Parents should also consider their priorities and values when planning their own extra-familial activities. Securing family time and downtime in their own schedule is of equal importance in finding balance.
Getting children involved in creating the schedule engenders a feeling of ownership, making them more likely to participate. Getorganized.com suggests that parents
- Use bright colors
- Let kids decorate it with stickers of their favorite characters
- Let them draw pictures on it with crayons or markers
- Hang it low enough for the kids to see it.
“There is no magic formula for making family schedules. You may have to change it a few times before it really works for your family. Just like everything else, it will take some time to get your family used to this.” Be not discouraged if it takes a little time.
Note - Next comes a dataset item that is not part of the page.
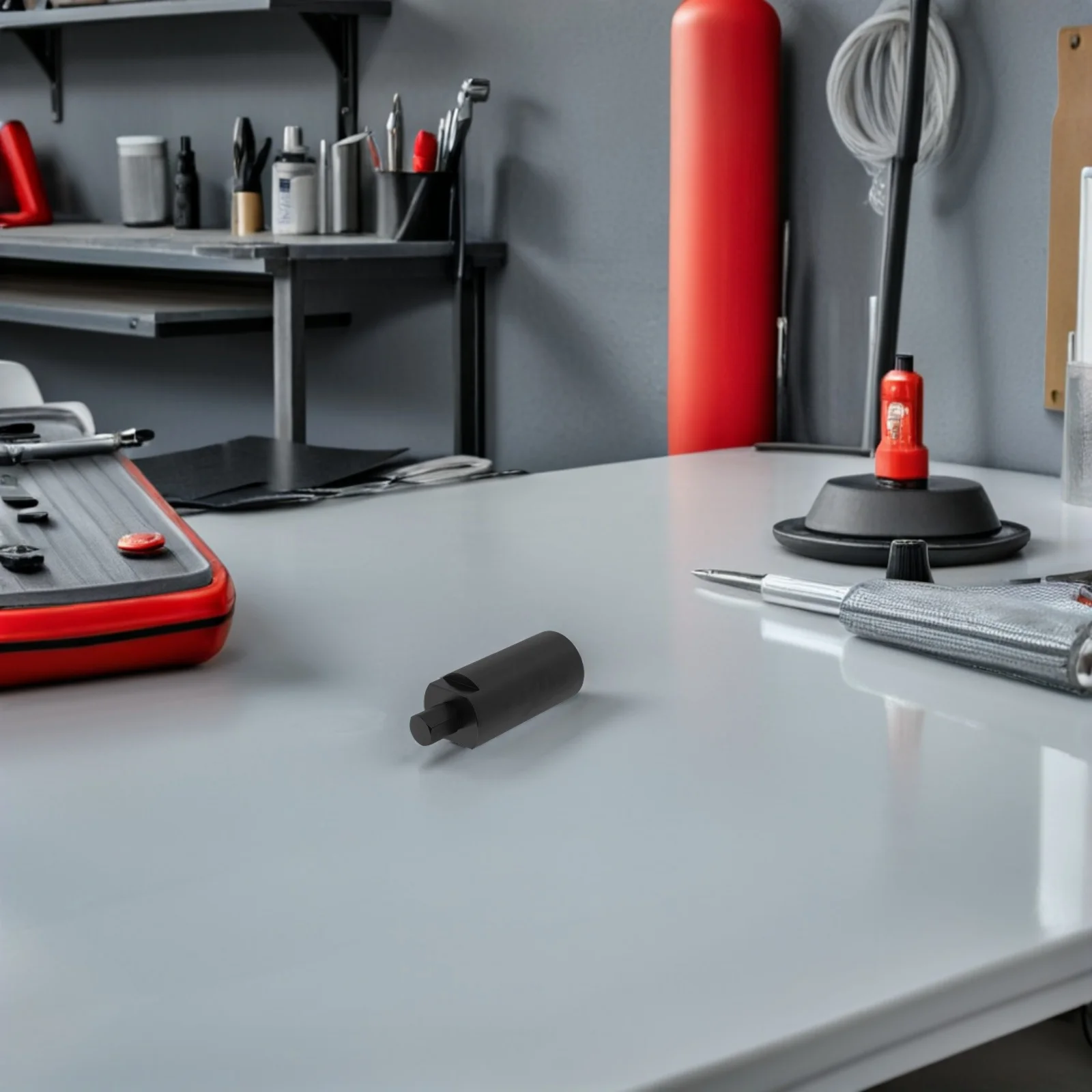 35 مللي متر دراجة نارية دولاب الموازنة مجتذب الأسود العالمي الداخلية تحمل أداة إزالة الصواميل للدراجات الترابية محركات صغيرة والعتاد النازع مخلب #4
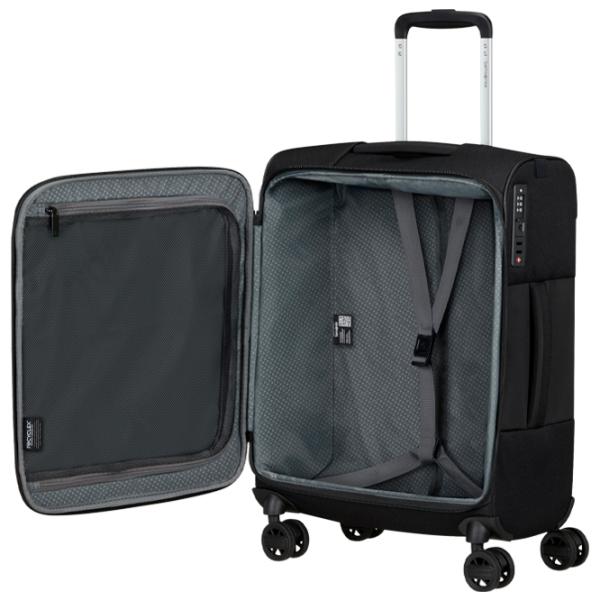 Valiză Samsonite Vaycay Spinner 40l/ Black photo 6 Valiză Samsonite Vaycay Spinner 40l/ Black photo 6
Besides breakfast and dinner, activities families can enjoy together include playing board games, going for walks and/or ride bikes and watching a movie. It’s not necessary to pre-schedule every single family event. A little spontaneity can go a long way as long as that special family time is secured.
Physical activity is important for children particularly in their formative years. The CDC recommends at least an hour of physical activity for growing children. If the one extracurricular activity activity they have chosen for the season is a physical one such as a sport of some kind, then it’s likely that their one hour is covered. If they’ve opted for a sedentary activity however, such as learning to play the piano, it will be useful for parents to schedule their kid’s playtime to counteract the sedentary activity.
Adding playtime to the family schedule may sound bizarre, but it provides them a great way to spend time outdoors, be active, and even spend time with other children outside of school. The CDC recommends making it a priority, as spending time with other children can help them learn how to work with others, learn what they enjoy, and learn about the world around them.
Parents can quiet easily and unintentionally over-schedule their family. By taking time to plan ahead they can protect themselves and their children from being overcommitted and enjoy a healthy balanced life.